## YOUR INSTRUCTIONS
Repeat exactly the lines of the records below, starting at the line containing "Suksawad Hotel - Image 1" and ending at the line containing "2016 Nissan Altima SL - Photo 24". Leave the pictures out.
START AVAILABLE RECORDS
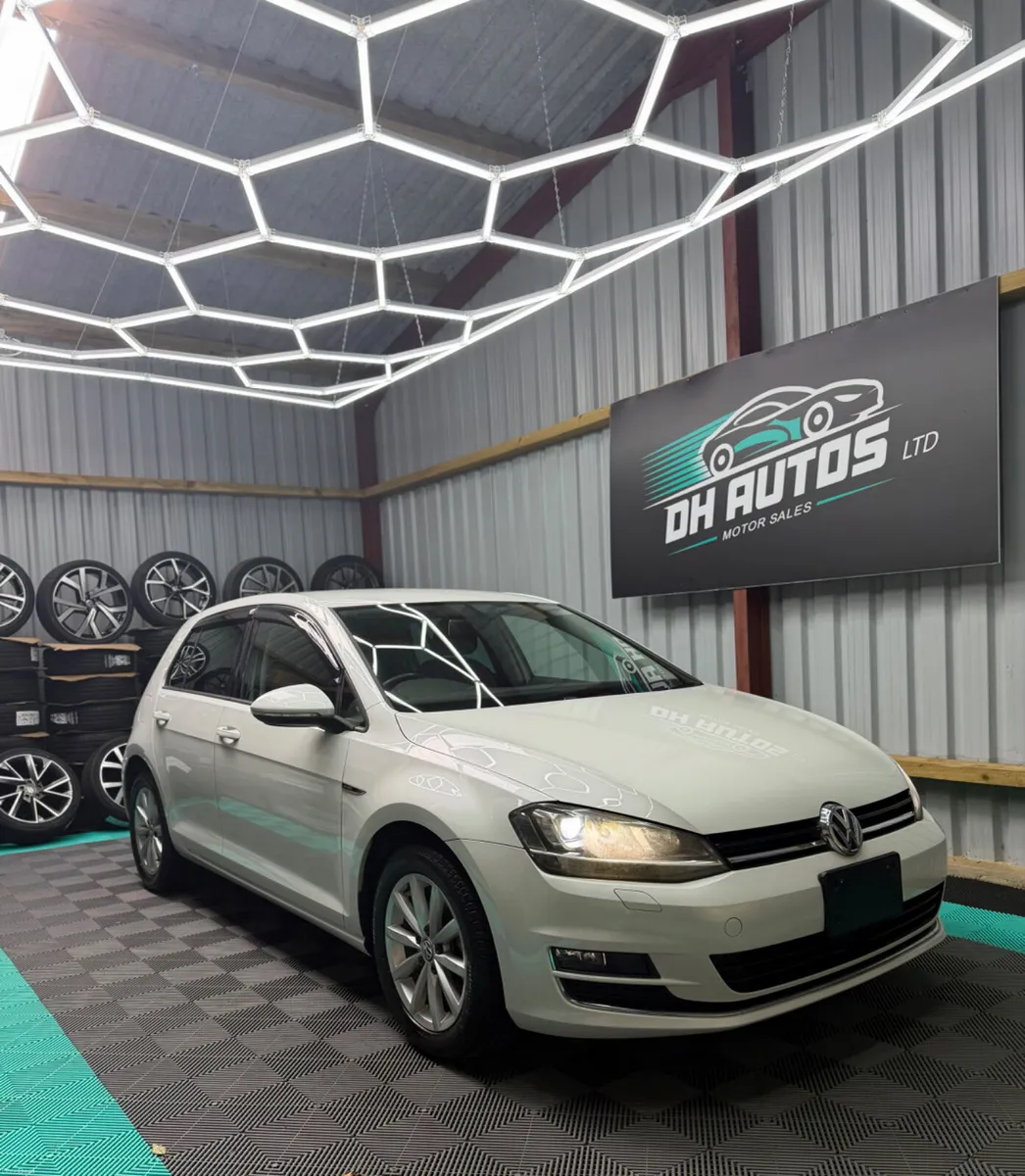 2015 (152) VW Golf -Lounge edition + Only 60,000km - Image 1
END AVAILABLE RECORDS
START AVAILABLE RECORDS
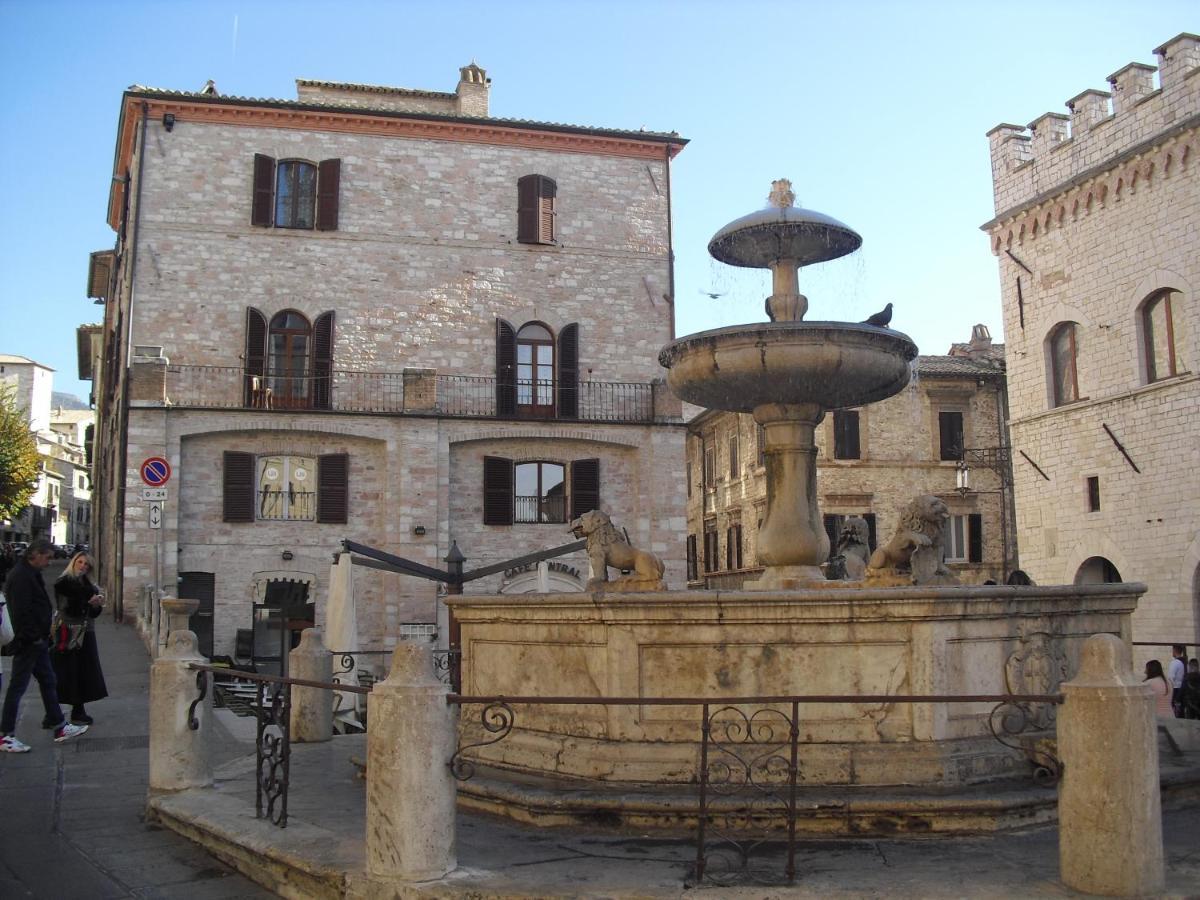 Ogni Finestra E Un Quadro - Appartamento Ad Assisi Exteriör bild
END AVAILABLE RECORDS
START AVAILABLE RECORDS
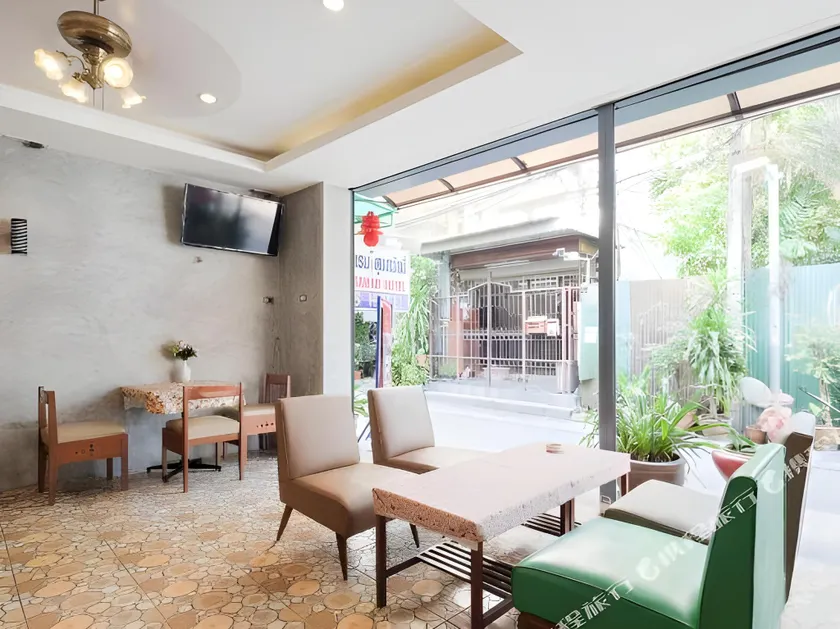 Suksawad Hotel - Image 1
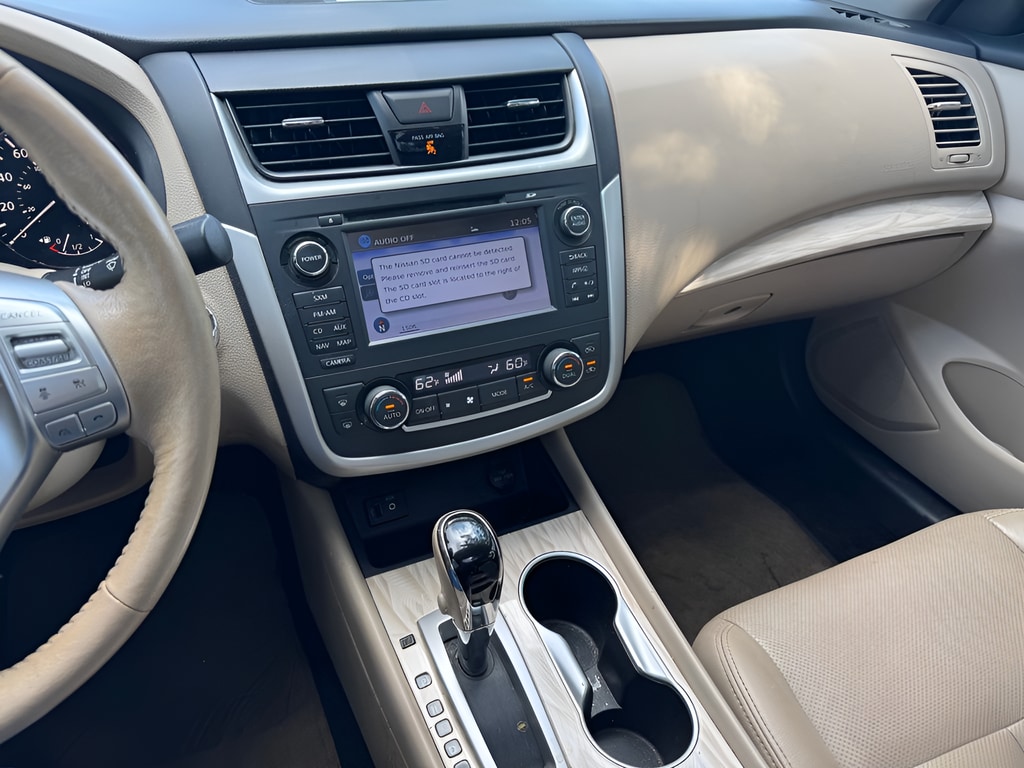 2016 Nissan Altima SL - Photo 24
END AVAILABLE RECORDS
## RESPONSE
 Suksawad Hotel - Image 1
 2016 Nissan Altima SL - Photo 24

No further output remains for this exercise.